**Your instructions:** Your answer must be every line of the data that holds the string "Collection".

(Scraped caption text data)
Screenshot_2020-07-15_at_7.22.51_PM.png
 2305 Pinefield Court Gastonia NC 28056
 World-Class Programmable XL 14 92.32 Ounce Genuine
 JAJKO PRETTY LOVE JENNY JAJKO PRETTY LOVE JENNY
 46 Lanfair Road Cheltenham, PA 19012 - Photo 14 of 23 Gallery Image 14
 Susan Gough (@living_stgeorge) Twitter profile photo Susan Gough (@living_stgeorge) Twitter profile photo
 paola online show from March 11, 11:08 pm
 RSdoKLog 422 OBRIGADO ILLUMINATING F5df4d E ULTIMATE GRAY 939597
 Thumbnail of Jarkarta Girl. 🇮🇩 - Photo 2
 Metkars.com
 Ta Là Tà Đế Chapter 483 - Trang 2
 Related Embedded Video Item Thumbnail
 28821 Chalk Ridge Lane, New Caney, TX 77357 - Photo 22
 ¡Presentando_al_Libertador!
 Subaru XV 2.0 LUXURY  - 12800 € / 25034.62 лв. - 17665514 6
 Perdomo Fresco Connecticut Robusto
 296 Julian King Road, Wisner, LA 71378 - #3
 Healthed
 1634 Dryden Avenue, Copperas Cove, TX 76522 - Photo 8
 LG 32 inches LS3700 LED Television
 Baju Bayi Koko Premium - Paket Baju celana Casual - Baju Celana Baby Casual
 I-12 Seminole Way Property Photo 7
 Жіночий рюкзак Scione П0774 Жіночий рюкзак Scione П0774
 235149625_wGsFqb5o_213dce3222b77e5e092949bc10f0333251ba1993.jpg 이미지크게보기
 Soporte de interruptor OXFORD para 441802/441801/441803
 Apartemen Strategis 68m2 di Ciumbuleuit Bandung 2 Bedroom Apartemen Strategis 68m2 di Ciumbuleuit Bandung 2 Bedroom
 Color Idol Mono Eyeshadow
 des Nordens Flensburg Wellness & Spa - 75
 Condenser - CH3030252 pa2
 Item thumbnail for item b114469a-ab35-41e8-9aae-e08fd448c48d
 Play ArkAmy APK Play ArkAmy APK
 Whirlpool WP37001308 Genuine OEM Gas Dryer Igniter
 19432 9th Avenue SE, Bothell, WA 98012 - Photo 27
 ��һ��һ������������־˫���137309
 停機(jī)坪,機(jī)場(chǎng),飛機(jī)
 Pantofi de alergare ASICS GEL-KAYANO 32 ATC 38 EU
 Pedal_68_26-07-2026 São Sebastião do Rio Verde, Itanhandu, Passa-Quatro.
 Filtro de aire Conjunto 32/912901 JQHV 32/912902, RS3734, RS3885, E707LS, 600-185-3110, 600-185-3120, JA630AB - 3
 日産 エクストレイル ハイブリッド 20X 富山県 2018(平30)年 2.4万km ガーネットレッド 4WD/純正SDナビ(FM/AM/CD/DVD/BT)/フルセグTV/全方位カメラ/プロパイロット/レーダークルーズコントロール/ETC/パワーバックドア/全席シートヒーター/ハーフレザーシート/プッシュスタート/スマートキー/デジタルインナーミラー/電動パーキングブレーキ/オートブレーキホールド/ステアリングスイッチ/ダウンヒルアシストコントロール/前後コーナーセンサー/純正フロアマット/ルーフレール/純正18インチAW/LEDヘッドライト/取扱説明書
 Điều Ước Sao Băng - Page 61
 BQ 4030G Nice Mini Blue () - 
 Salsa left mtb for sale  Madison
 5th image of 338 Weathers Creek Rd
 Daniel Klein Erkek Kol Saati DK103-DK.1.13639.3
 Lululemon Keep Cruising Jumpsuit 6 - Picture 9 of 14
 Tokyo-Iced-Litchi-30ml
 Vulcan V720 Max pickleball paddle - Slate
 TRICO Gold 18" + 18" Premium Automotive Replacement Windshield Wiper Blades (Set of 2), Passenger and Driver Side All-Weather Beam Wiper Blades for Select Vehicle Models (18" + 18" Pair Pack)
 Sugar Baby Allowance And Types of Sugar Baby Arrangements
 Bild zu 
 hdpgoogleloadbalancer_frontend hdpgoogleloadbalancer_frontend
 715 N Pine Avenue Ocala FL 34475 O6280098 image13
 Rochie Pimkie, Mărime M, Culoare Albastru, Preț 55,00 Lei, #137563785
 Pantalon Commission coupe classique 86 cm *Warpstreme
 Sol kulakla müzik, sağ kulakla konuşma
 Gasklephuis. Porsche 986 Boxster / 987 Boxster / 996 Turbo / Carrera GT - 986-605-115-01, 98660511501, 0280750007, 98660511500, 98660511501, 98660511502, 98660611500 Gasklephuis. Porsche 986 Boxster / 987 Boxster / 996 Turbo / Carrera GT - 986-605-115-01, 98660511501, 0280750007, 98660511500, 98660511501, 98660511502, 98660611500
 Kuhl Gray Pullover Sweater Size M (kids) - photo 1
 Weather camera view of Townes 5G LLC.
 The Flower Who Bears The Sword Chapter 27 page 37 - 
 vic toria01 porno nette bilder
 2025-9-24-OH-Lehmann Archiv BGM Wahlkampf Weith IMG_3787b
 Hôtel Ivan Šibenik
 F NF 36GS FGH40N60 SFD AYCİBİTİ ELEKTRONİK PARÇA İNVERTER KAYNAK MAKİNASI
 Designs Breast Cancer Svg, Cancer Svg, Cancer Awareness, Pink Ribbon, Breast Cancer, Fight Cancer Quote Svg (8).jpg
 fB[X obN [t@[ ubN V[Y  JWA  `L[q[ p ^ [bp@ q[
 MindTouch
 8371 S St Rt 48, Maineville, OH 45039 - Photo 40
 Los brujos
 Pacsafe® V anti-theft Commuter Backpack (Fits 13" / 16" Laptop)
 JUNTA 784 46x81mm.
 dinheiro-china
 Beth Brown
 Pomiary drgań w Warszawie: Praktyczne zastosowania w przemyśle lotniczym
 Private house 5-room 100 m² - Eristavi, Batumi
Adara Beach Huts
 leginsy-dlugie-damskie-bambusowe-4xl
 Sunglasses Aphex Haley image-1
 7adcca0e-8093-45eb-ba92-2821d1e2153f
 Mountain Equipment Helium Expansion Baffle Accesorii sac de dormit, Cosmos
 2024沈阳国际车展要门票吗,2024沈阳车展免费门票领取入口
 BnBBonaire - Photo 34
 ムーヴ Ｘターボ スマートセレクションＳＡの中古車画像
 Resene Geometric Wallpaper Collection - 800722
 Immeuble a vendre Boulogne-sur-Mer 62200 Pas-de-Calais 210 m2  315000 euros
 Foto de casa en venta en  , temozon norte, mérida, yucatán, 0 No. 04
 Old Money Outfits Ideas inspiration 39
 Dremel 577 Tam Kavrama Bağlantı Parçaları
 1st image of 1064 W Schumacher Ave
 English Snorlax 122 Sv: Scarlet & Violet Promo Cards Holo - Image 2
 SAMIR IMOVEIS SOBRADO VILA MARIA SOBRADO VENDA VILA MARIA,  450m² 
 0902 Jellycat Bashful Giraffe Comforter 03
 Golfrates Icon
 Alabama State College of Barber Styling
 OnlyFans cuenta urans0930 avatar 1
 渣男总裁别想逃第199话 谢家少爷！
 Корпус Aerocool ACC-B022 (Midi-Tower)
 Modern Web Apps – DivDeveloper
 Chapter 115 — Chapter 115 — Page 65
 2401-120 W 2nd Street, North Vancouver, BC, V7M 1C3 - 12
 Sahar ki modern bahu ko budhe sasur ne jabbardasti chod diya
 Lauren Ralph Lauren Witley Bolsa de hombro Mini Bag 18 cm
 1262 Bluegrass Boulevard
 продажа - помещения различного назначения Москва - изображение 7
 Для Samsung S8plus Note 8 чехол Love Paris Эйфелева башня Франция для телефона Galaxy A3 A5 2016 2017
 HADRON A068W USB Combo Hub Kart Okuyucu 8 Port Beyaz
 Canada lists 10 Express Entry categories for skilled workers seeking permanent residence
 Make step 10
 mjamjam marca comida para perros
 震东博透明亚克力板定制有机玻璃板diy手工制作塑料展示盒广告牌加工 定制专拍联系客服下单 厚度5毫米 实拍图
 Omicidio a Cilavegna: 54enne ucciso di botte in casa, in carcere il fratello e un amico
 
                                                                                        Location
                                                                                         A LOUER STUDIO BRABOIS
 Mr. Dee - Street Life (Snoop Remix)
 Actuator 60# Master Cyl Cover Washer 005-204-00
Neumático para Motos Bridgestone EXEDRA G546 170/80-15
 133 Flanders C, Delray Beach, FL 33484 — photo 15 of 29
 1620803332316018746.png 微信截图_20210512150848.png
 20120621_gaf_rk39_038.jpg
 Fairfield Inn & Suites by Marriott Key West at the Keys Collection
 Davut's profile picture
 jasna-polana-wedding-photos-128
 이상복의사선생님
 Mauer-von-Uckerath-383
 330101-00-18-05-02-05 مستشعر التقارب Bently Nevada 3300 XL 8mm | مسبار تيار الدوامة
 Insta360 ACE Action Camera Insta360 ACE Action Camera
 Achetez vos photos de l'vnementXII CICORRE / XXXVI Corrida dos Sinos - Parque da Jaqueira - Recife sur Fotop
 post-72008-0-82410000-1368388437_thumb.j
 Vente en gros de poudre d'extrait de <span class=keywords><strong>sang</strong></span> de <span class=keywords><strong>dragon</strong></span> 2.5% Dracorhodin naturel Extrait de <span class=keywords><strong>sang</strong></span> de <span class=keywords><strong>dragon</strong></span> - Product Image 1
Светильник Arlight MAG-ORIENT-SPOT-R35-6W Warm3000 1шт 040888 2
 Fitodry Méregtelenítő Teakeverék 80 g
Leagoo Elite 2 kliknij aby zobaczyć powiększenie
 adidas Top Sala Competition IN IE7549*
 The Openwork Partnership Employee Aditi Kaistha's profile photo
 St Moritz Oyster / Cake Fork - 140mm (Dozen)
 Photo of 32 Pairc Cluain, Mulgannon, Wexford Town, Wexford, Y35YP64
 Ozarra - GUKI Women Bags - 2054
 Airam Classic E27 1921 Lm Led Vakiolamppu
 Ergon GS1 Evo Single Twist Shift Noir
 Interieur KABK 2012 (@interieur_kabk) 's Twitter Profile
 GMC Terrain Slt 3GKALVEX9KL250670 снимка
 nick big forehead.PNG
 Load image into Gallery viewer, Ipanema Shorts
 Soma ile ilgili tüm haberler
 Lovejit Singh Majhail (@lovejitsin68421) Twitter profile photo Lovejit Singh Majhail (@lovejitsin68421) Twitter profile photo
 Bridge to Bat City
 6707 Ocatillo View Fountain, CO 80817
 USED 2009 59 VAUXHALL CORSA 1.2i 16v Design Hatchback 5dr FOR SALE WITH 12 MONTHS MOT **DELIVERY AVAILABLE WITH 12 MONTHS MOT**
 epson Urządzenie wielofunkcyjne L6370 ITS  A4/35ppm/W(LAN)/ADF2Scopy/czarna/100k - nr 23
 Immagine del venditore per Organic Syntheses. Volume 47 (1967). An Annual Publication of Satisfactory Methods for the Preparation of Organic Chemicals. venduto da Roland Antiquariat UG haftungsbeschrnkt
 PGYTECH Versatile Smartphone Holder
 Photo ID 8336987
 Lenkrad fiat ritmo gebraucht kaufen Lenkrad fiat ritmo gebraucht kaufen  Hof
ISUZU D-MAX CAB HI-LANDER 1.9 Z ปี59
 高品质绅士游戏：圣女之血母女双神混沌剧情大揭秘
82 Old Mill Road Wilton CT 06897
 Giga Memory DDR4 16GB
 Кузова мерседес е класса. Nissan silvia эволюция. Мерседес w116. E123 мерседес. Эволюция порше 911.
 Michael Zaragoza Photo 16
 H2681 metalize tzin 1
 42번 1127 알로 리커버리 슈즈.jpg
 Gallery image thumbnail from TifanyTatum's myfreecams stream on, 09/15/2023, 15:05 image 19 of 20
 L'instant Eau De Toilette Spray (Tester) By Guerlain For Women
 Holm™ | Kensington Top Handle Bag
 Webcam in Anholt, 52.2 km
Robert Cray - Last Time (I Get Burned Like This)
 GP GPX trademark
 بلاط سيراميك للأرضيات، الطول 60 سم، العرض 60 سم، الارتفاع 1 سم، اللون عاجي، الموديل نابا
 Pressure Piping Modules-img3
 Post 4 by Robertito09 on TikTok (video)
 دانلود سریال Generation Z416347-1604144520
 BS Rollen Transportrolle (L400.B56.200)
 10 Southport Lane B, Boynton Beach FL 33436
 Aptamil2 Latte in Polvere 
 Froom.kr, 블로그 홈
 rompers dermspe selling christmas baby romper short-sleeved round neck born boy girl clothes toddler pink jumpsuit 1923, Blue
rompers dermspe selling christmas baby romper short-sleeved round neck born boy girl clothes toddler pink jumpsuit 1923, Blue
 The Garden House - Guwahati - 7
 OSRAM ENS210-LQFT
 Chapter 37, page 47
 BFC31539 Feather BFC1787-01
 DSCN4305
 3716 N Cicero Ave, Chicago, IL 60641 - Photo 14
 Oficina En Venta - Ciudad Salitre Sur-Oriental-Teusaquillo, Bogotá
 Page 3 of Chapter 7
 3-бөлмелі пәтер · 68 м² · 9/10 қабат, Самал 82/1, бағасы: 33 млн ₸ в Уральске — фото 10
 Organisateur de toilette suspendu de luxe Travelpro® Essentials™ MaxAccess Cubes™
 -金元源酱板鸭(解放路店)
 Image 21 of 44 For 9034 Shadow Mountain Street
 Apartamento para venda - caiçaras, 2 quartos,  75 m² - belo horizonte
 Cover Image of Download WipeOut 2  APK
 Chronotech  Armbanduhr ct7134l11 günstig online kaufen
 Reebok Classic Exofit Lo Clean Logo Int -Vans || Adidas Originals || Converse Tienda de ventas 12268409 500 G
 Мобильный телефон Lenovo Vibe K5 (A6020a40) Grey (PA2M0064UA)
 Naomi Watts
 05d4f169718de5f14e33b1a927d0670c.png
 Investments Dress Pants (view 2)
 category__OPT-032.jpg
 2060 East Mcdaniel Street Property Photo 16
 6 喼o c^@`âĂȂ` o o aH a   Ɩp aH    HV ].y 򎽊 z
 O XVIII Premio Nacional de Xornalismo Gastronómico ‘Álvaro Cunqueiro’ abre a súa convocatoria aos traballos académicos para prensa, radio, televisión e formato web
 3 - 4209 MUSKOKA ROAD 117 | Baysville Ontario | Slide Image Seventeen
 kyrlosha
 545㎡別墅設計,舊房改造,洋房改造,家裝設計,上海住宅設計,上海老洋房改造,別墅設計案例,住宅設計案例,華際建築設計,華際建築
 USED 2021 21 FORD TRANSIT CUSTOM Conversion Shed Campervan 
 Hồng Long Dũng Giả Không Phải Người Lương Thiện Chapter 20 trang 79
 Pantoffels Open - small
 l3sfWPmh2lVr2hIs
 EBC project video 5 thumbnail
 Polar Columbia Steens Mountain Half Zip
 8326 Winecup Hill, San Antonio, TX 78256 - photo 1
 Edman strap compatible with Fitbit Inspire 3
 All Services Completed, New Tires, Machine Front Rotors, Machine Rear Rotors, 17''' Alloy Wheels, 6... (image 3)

**Written solution:**
 Resene Geometric Wallpaper Collection - 800722
 Fairfield Inn & Suites by Marriott Key West at the Keys Collection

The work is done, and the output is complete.